**WHAT THE TASK REQUIRES**
Print the entries that appear below, exactly as written and without their pictures.
☆ ☆ ☆
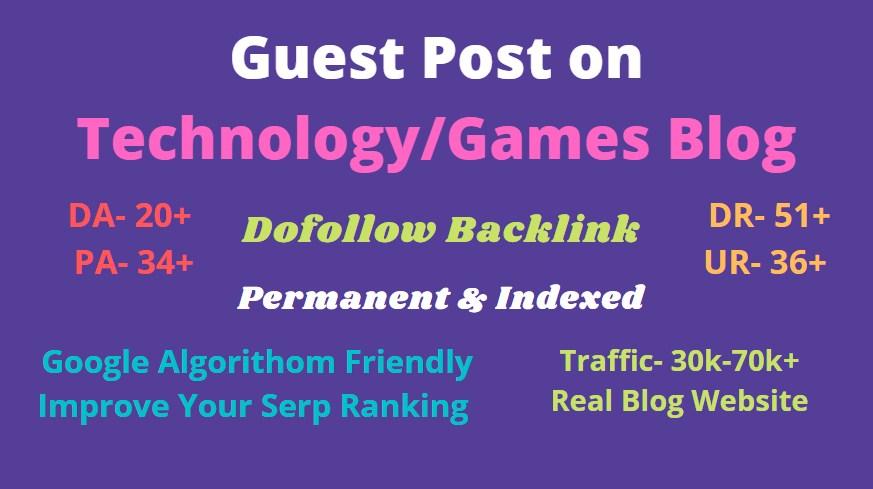 Publish A HQ SEO Guest Poost With Dofollow Backlink T...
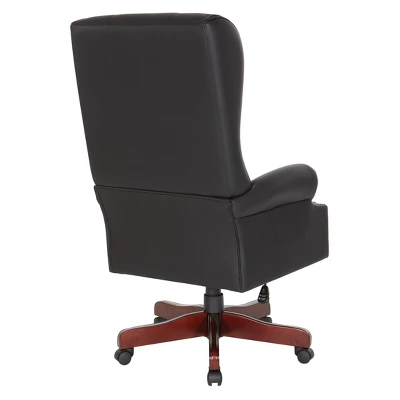 Traditional Executive High Back Chair Black - OSP Home Furnishings 1 Traditional Executive High Back Chair Black - OSP Home Furnishings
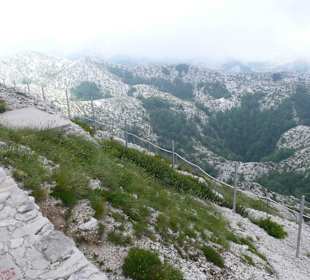 Ausblick vom Biokovo Gebirge 1.700 m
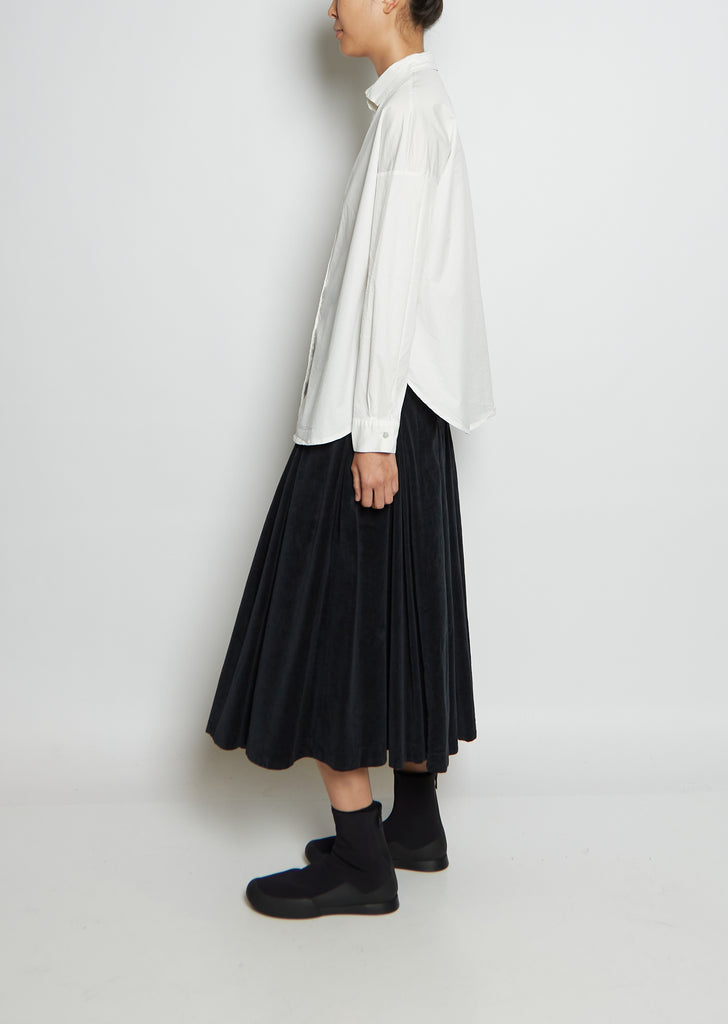 Cotton Short Collar Shirt TS — Milk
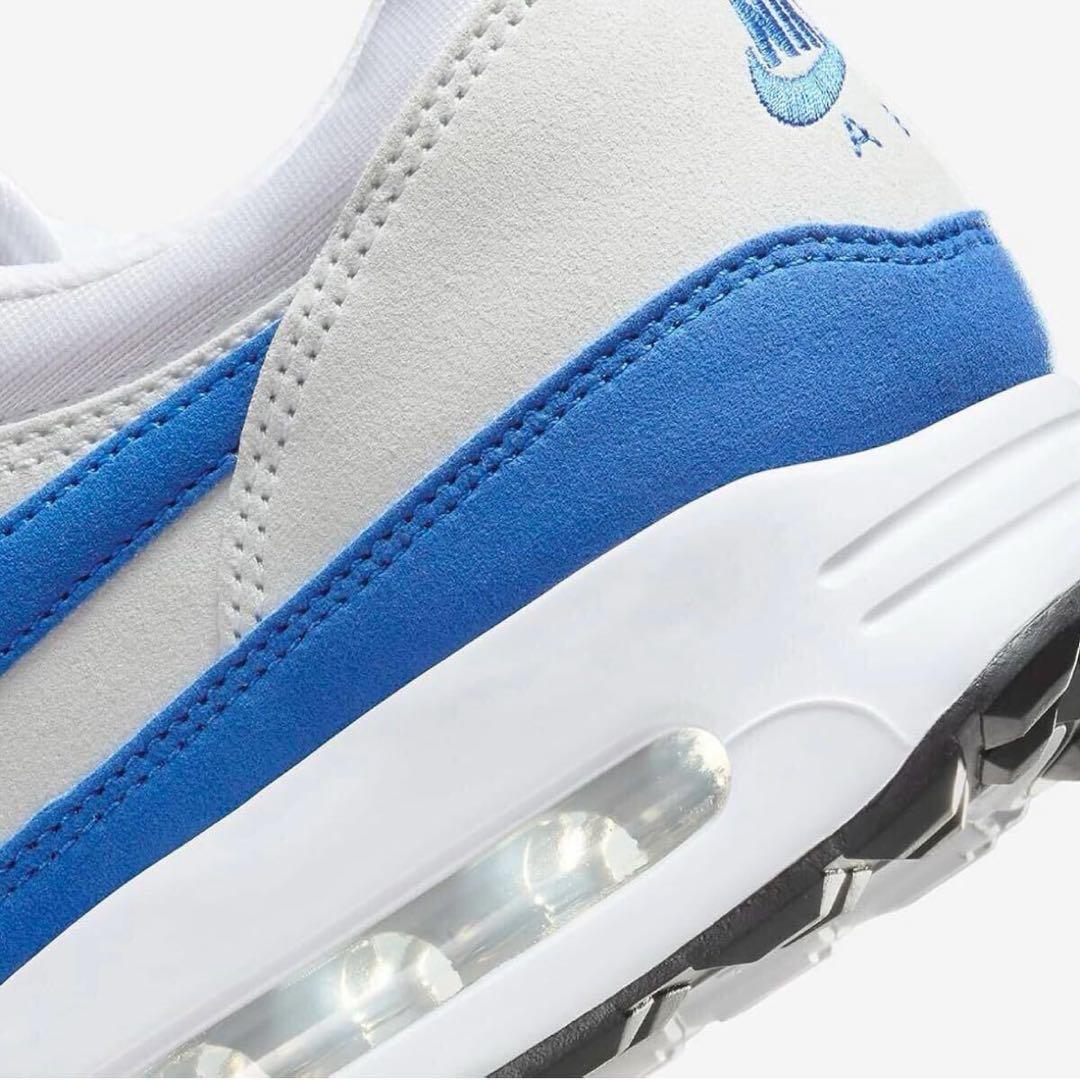 ナイキ ゴルフ 26.5cm エアマックス スパイク シューズ 靴 白 青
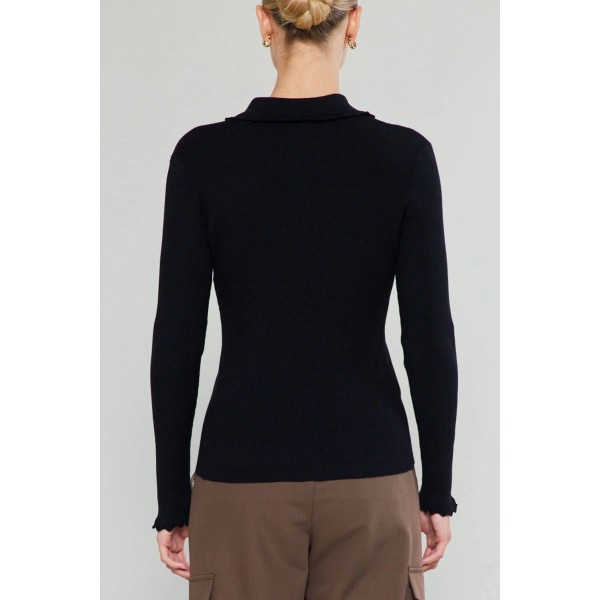 Polo Henley Knit Polo Henley Knit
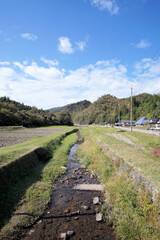 晩秋の農村風景　丹波篠山　11月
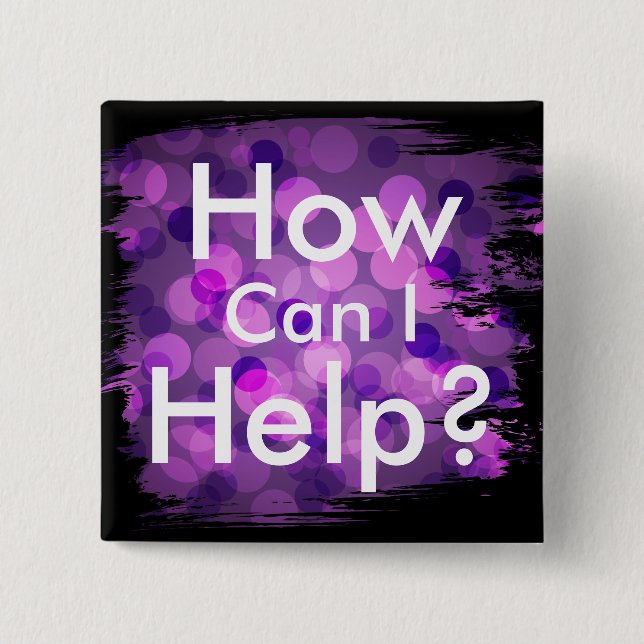 Botón Cuadrado de pincel con luces de boquilla mor (Anverso)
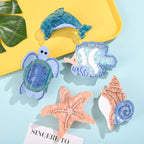 【MOQ 12 PCS】Ocean Turtle Acetate Hair Claw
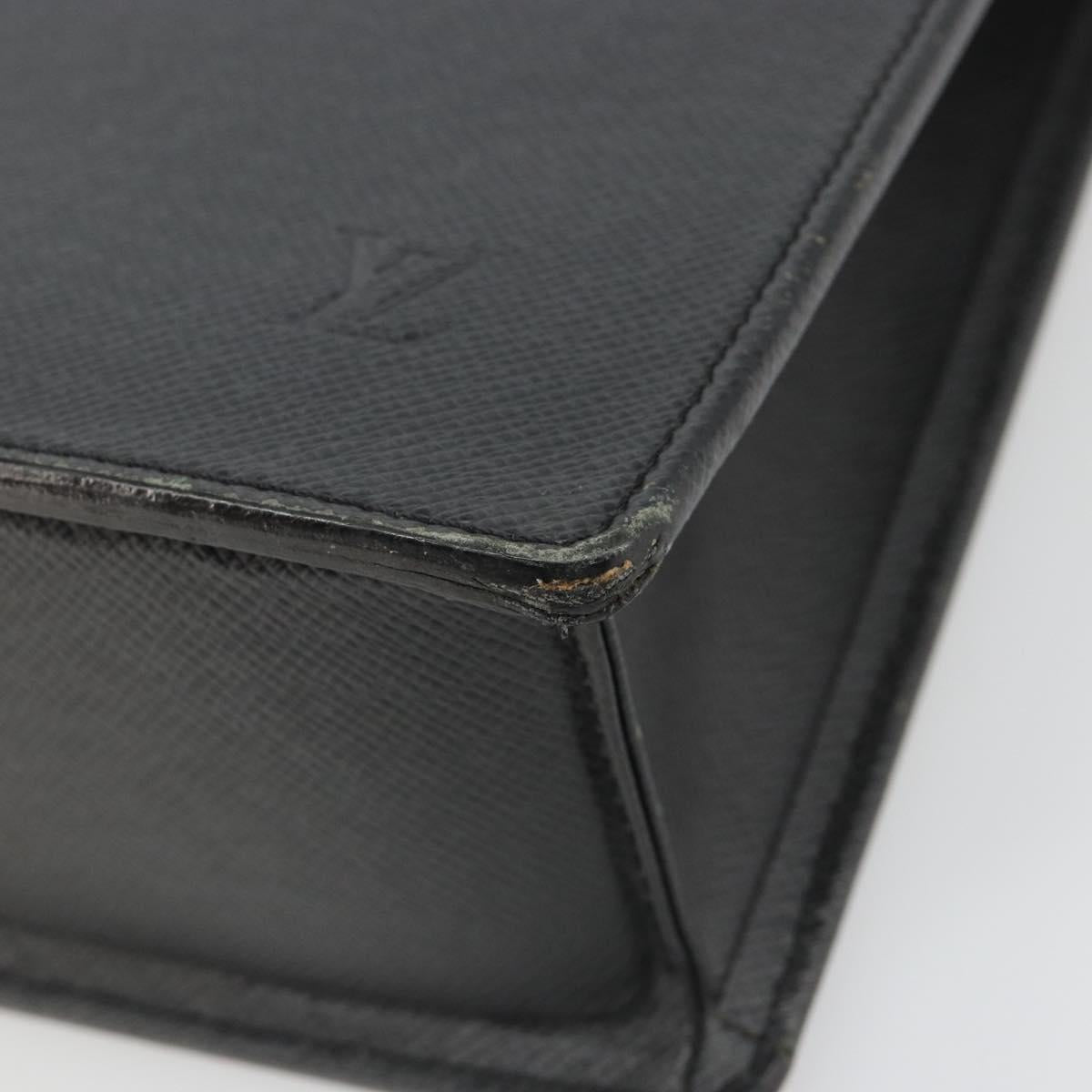 LOUIS VUITTON Taiga Porte Documents Rozan Bag Ardoise M30052 LV Auth ka4757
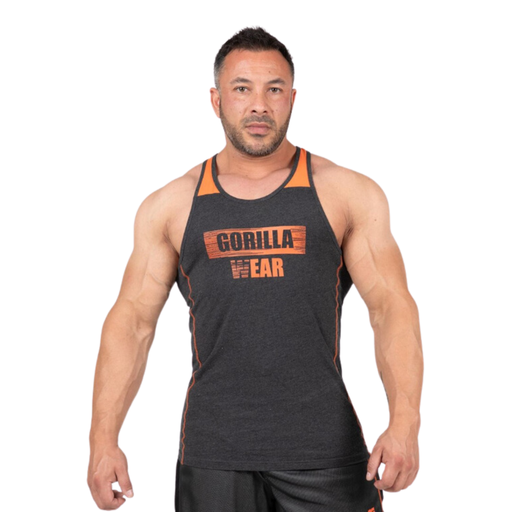 Wallace Tank Top - Gray/Orange 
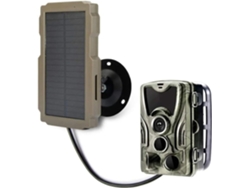 Caméra Faune Sauvage Kit De Panneau Solaire Jeu Piste Portable, 3000mah, 6v-12v, Charger Étanche Et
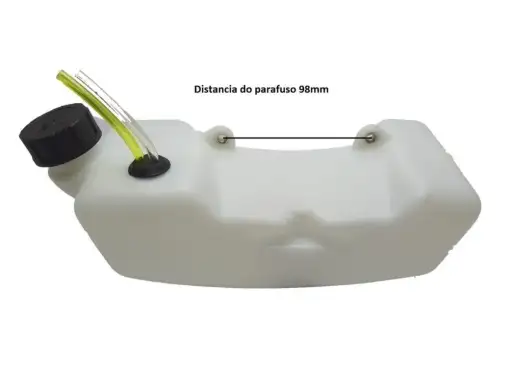 TANQUE COMBUSTIVEL GASOLINA ROÇADEIRA 33CC 2 PARAFUSOS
☆ ☆ ☆
**ANSWER FOR THIS EXERCISE**
 Publish A HQ SEO Guest Poost With Dofollow Backlink T...
 Traditional Executive High Back Chair Black - OSP Home Furnishings 1 Traditional Executive High Back Chair Black - OSP Home Furnishings
 Ausblick vom Biokovo Gebirge 1.700 m
 Cotton Short Collar Shirt TS — Milk
 ナイキ ゴルフ 26.5cm エアマックス スパイク シューズ 靴 白 青
 Polo Henley Knit Polo Henley Knit
 晩秋の農村風景　丹波篠山　11月
 Botón Cuadrado de pincel con luces de boquilla mor (Anverso)
 【MOQ 12 PCS】Ocean Turtle Acetate Hair Claw
 LOUIS VUITTON Taiga Porte Documents Rozan Bag Ardoise M30052 LV Auth ka4757
 Wallace Tank Top - Gray/Orange 
 Caméra Faune Sauvage Kit De Panneau Solaire Jeu Piste Portable, 3000mah, 6v-12v, Charger Étanche Et
 TANQUE COMBUSTIVEL GASOLINA ROÇADEIRA 33CC 2 PARAFUSOS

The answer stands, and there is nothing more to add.